Thanks! I’m thinking that if I get the tractor that isn’t running, first thing I’ll do is take the engine off the tractor and open it up. I’ll take a look at all the gaskets and valves and pistons, etc, and see what needs done.
 
(quoted from post at 13:40:39 12/07/18)
Thanks! I’m thinking that if I get the tractor that isn’t running, first thing I’ll do is take the engine off the tractor and open it up. I’ll take a look at all the gaskets and valves and pistons, etc, and see what needs done.

Don't do it!

I know you're eager, we've all been there, but you need to find your inner Mechanic Zen. OK, pull up a yoga matt and now BREATH with me. In. Out. Ommmmmmmmmmmm.

OK, now that you've got your Zen on, slow down!!! If you have a stuck engine, TIME is your friend. Pull the plugs, lube the cylinders with ATF or Deep Creep and WAIT. Give it a few days or a week.

Then start gently working on "rocking" the motor back and forth. YOU absolutely want to unstick the motor in the least invasive way possible. Get a bar on it and slowly work on getting it loose.

Be gentle and take your time. This is part of being a good mechanic. Don't go tearing into what may not be broken. As I said in your last thread, there will be PLENTY to do on an old tractor without getting in over your head with a full on overhaul.

Also, here's a warning about YouTube. Just because some generic mechanic puts a video out there, it doesn't' mean they know what they are doing. There's a lot of stuff out there that is plain old wrong. Problem is you only find out this after trying to do it the way they did it.

Grouse
 

Thanks for the tips! So if I buy a tractor that does turn over freely but doesn’t run, what should my first steps be?
 
(quoted from post at 15:33:27 12/07/18)
Thanks for the tips! So if I buy a tractor that does turn over freely but doesn’t run, what should my first steps be?

Make sure the key is on and it has plenty of gas and it's turned on.
 
(quoted from post at 16:53:27 12/07/18)
(quoted from post at 15:33:27 12/07/18)
Thanks for the tips! So if I buy a tractor that does turn over freely but doesn’t run, what should my first steps be?

Make sure the key is on and it has plenty of gas and it's turned on.

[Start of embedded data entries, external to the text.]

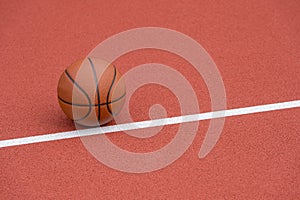 Orange basketball on brown court of gymnasium sport floor. Street basketball concept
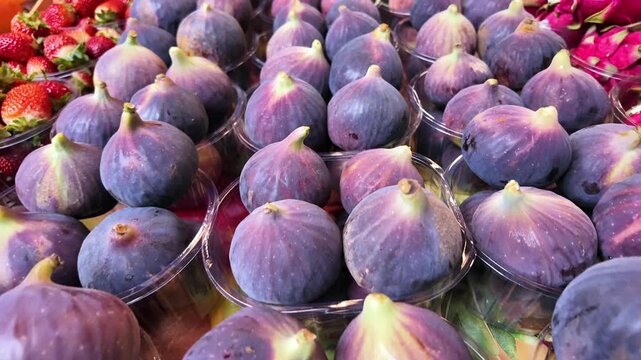 Fresh figs displayed at a local market for sale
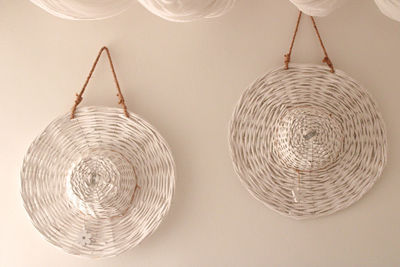 Low angle view of illuminated pendant lights hanging on ceiling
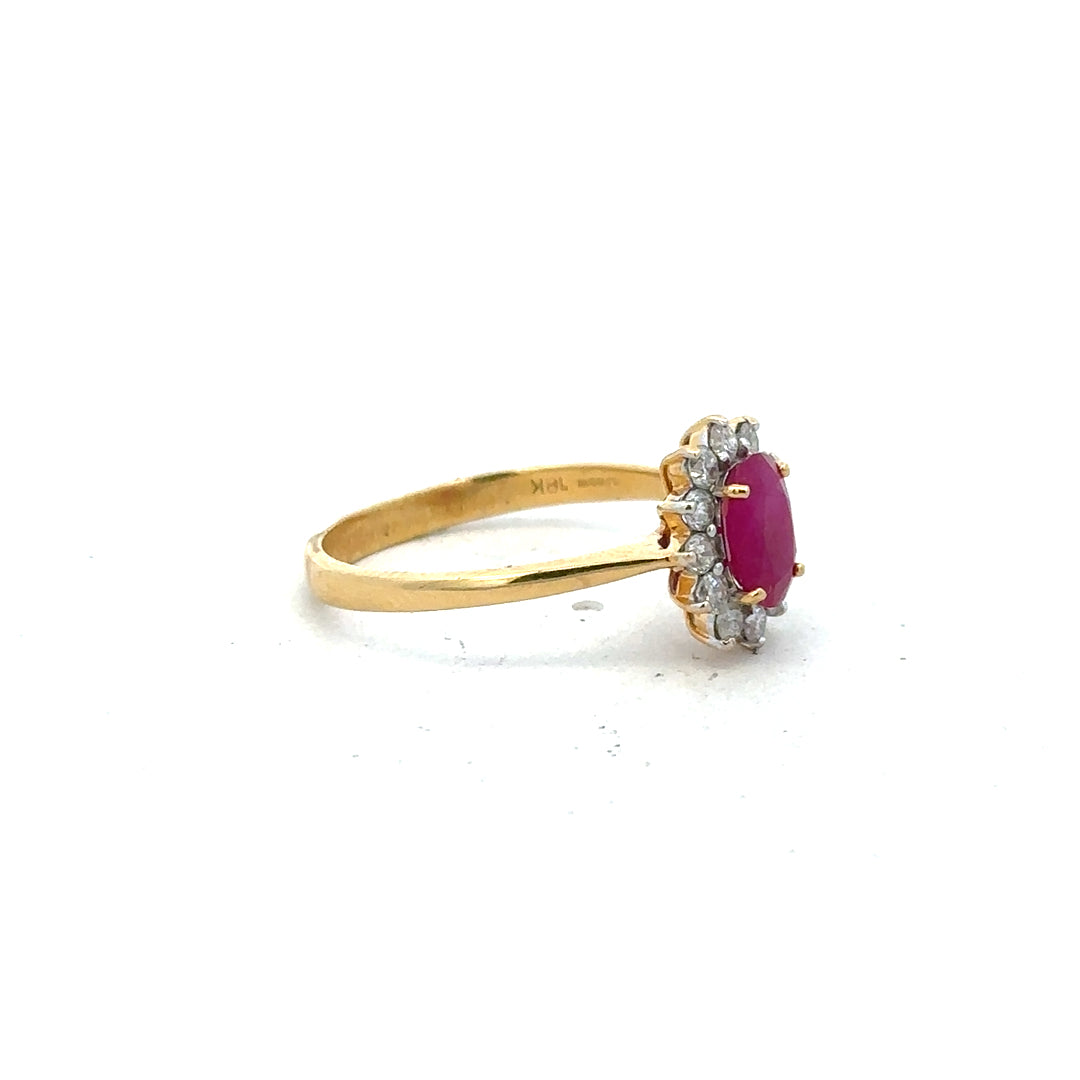 18ct yellow gold ruby and diamond ring size P, featuring a central ruby with diamond accents, elegant jewelry design.
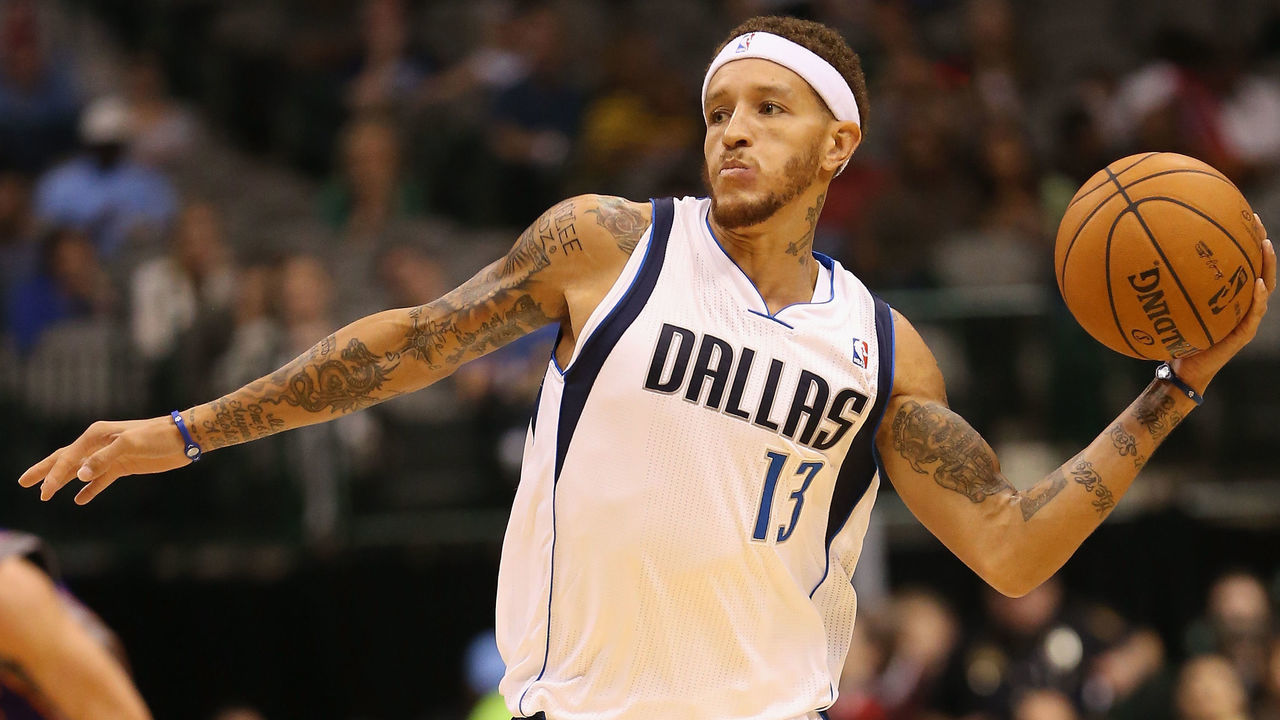 DALLAS, TX - OCTOBER 17: Delonte West #13 of the Dallas Mavericks passes the ball against the Phoenix Suns during a preseason game at American Airlines Center on October 17, 2012 in Dallas, Texas.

And if it still doesn’t run.......
 
Check the 9N 2N 8N site. Complete rebuild parts are available from this site. They are simple tractors and easy to fix. Look at your wallet and enjoy. HTH
 
My opinion is ,First you have come to the right place. The knowledge here on this site is off the charts. These folks will head you in the
right direction. Ive been here sense my first question when i rebuilt my 135 massey few years ago. So set back read and enjoy. Have fun on
your rebuild just take your time do a good job. It will be like new again and you get lots of years of good service out of it.
 
Does anyone have experience with or knowledge of Charlie Burgh Implement in western Pennsylvania near Zelienople? They seem like a huge dealer of antique tractors and parts. I might give them a call tomorrow. I’m thinking they’ll have an assortment of tracking with engines in varying conditions.